Andante (6/8, fa-dièse mineur) [page 49] : La reprise lente et en mineur de Marlbrough s'en va-t-en guerre traduit la débâcle de l'armée française que les canons anglais réduisent peu à peu au silence. L’orgueil et le panache des français ont disparu.
4/4, Ré majeur : Après un long silence, trompettes et cordes montent vers l’aigu sur un roulement de timbales.
2/2, Ré majeur : Dans la lumineuse tonalité de Ré majeur, l’orchestre, dans un fortissimo général, exalte la victoire des anglais : Beethoven expose une suite de courts motifs « glorieux » Le retour du rythme pointé termine cet épisode et s’acheve par un unisson de ré aux cors et trompettes , en diminuant.
Andante grazioso (3/4, Si-bémol majeur) : L’hymne anglais « God save the King » s’élève doucement aux clarinettes et bassons, sous les pizzicati des cordes. Cet intermède rappelle le patriotisme de l’armée anglaise.
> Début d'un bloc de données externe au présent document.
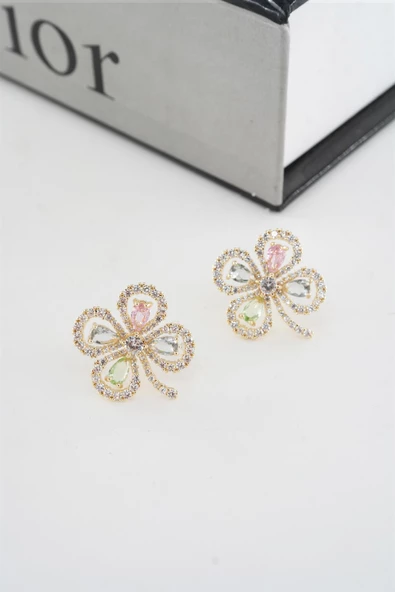 Kadın Vip Seri Baget Zirkon Taşlı Yonca Model Küpe - Resim 2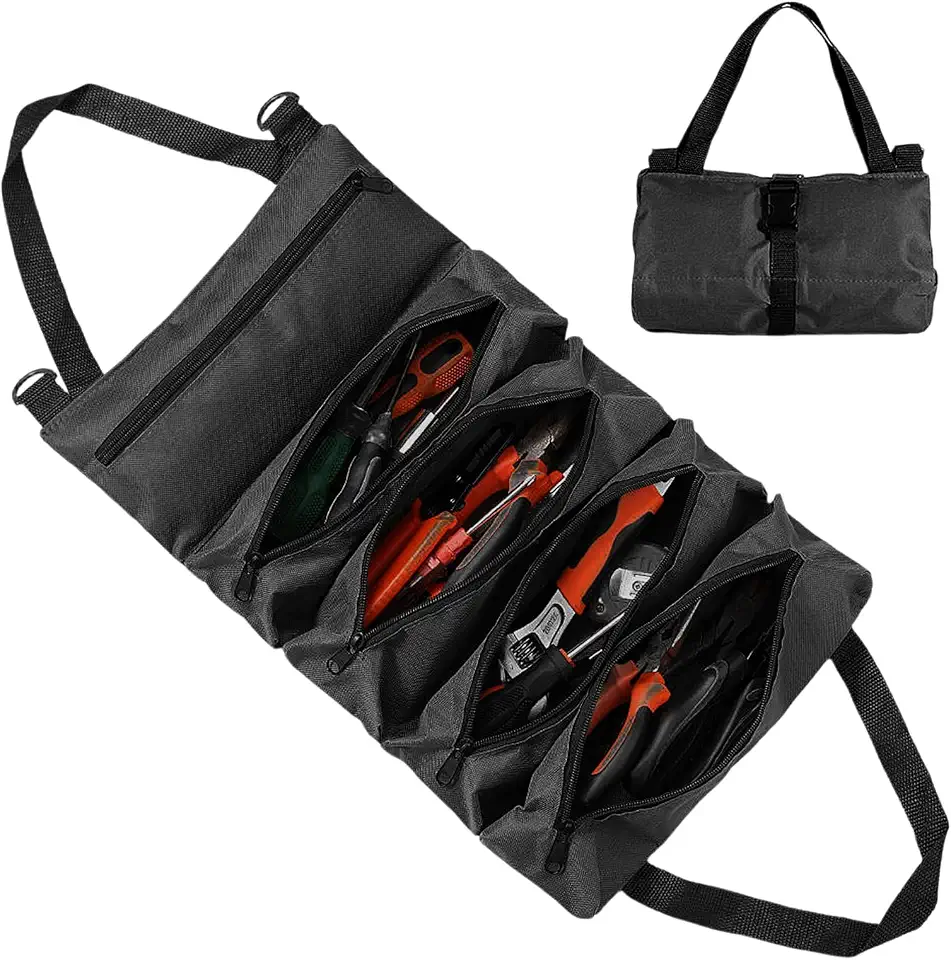 Bolsa de Ferramentas Resistente Dobrável e Portátil com 5 Bolsos em Lona, Case Prático Tipo Maleta/Briefcase, Preto"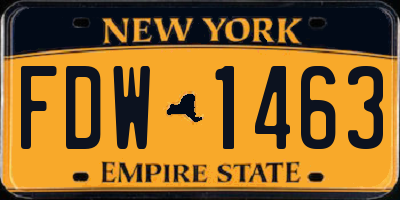 NY license plate FDW1463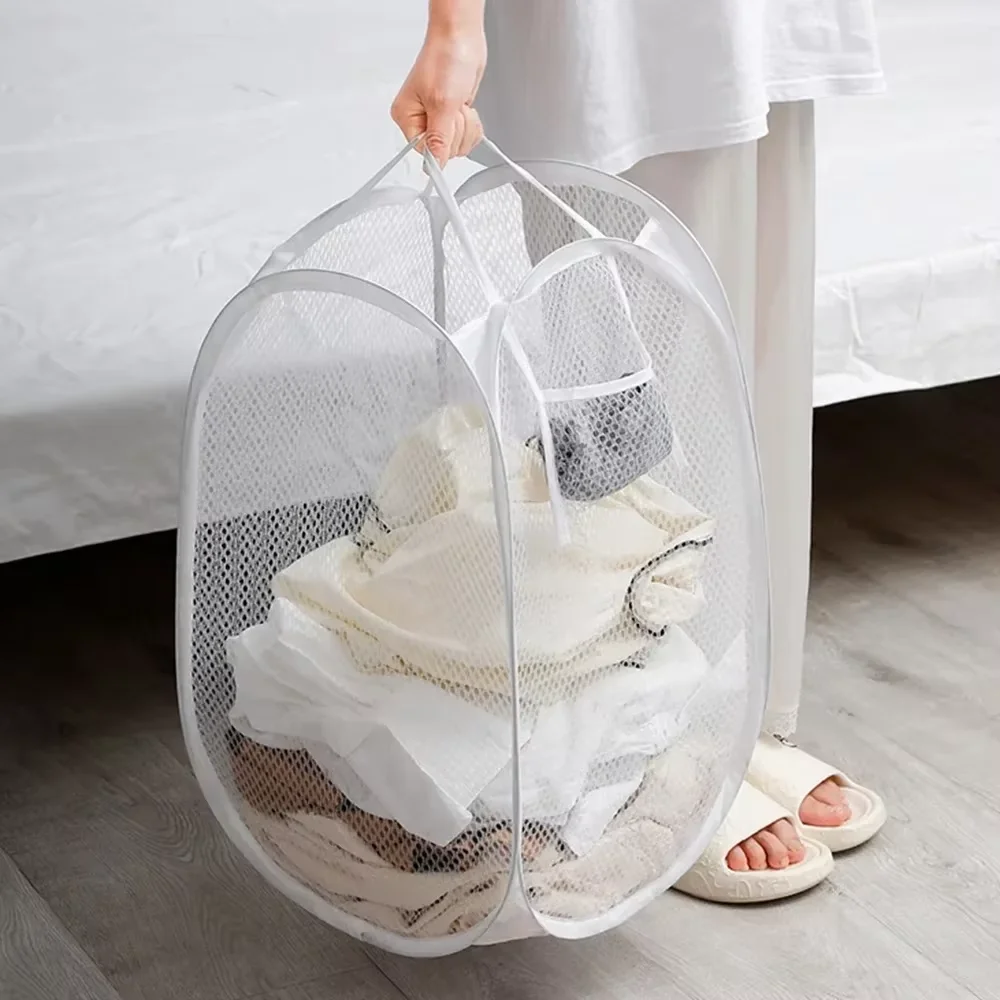 Dirty Clothes Basket Skeleton Ventilated Foldable Easy Storage Portable Large Capacity Clothes Basket view 4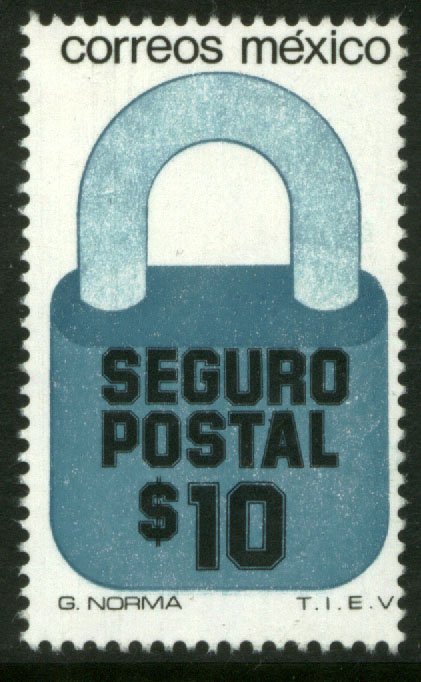 MEXICO G32, $10P Padlock Insured Letter Wmkd Fosfo Paper 2. MINT, NH. F-VF.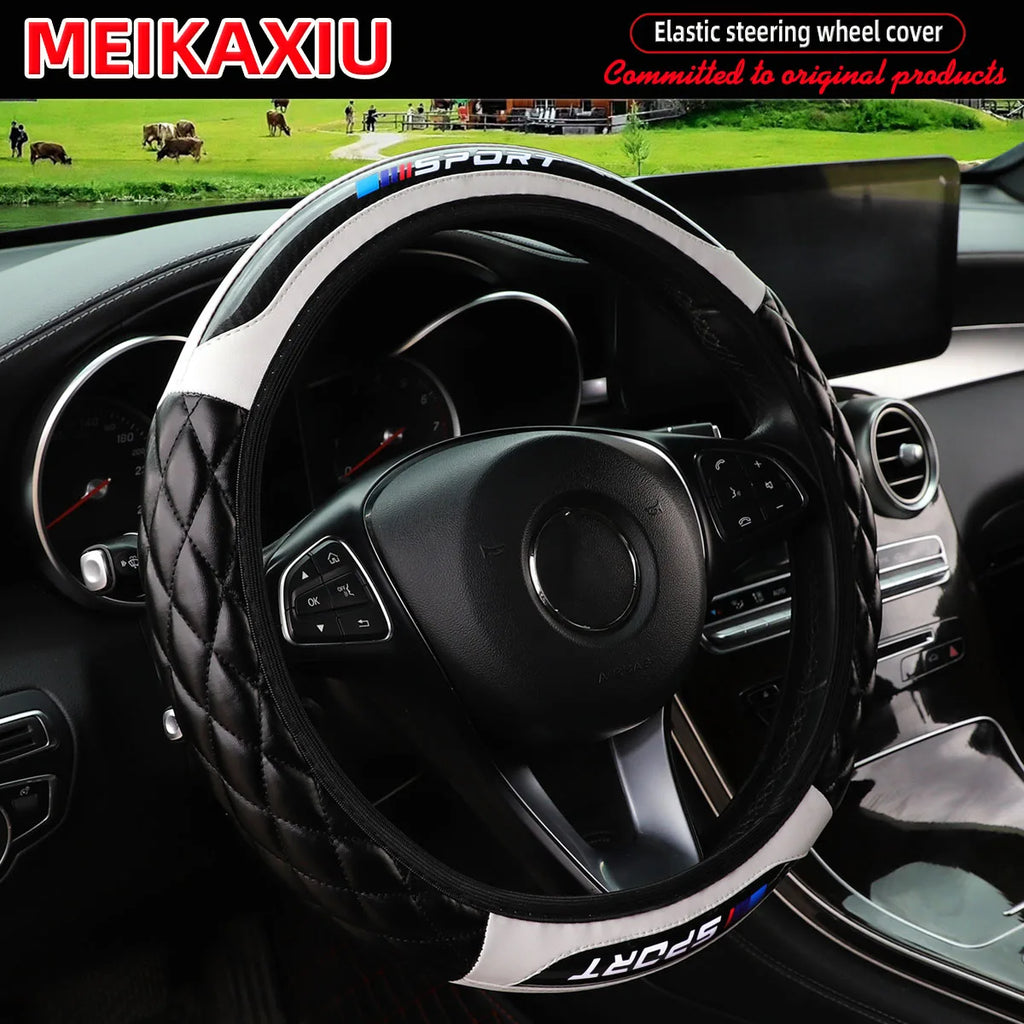 New Crystal Carbon Fiber Sport Steering Wheel Cover – Universal Fit, All-Season, Hubless Design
Tempo I (2/2, Ré majeur) : L’orchestre entonne de nouveau l’Allegro con brio initial .
Tempo di menuetto moderato (3/4, Ré majeur) : reprise de l’hymne anglais mais interrompu à six reprises le tutti orchestral.
3/8, Ré majeur : Fugue finale avec exposition du sujet aux premiers, seconds violons, deux violoncelles, et altos. Le contresujet, en doubles croches, donne un effet de mouvement perpétuel. Violons et altos reprennent la présentation du sujet dans la strette, deux fois plus rapide, soutenus par une longue tenue des bois, des cors et des timbales. Le crescendo aboutit à une troisième affirmation victorieuse en accords scandés et fanfares de trompettes vers la triomphale cadence parfaite finale.
La Victoire de Wellington fait partie de ses œuvres « à effet » dont le spectaculaire est la raison d’être (comme l’ouverture 1812). La brillance orchestrale est telle qu’une maîtrise absolue de la partition et de l’acoustique de la salle est indispensable. Le jeune Richard Wagner, alors chef d’orchestre au Théâtre de Magdebourg, l’apprit à ses dépens comme l’atteste le croustillant passage suivant tiré de ses Mémoires (nous sommes en 1835) :
« Pourtant, le grand événement de cette saison dramatique eut lieu plus tard. J’avais obtenu de Mme Schröder-Devrient (célèbre cantatrice allemande qui créa les rôles d’Adriano (Rienzi), Senta (Der fliegende Holländer) et Vénus (Tannhäuser) NDLR) […] qu’elle vînt également chez nous donner quelques représentations […]. Prise d’amitié pour moi, elle m’offrit spontanément son concours pour un concert que j’avais l’intention d’organiser à mon profit […]. Le résultat financier de ce concert revêtait une importance toute particulière car les gages, déjà maigres, que j’aurais dû recevoir de la direction étaient devenus parfaitement illusoires […]. En fin de compte, j’avais une importante quantité de dettes […]. Je pouvais légitimement compter sur une très grosse recette à l’occasion d’une soirée à laquelle participerait une aussi grande artiste […]. Malheureusement, personne ne voulut croire qu’une femme célèbre dont le temps était un capital précieux, reviendrait de si loin (Leipzig ! NDLR) pour les beaux yeux d’un petit chef d’orchestre de Magdebourg et [ainsi] la salle ne s’emplit que très médiocrement. […]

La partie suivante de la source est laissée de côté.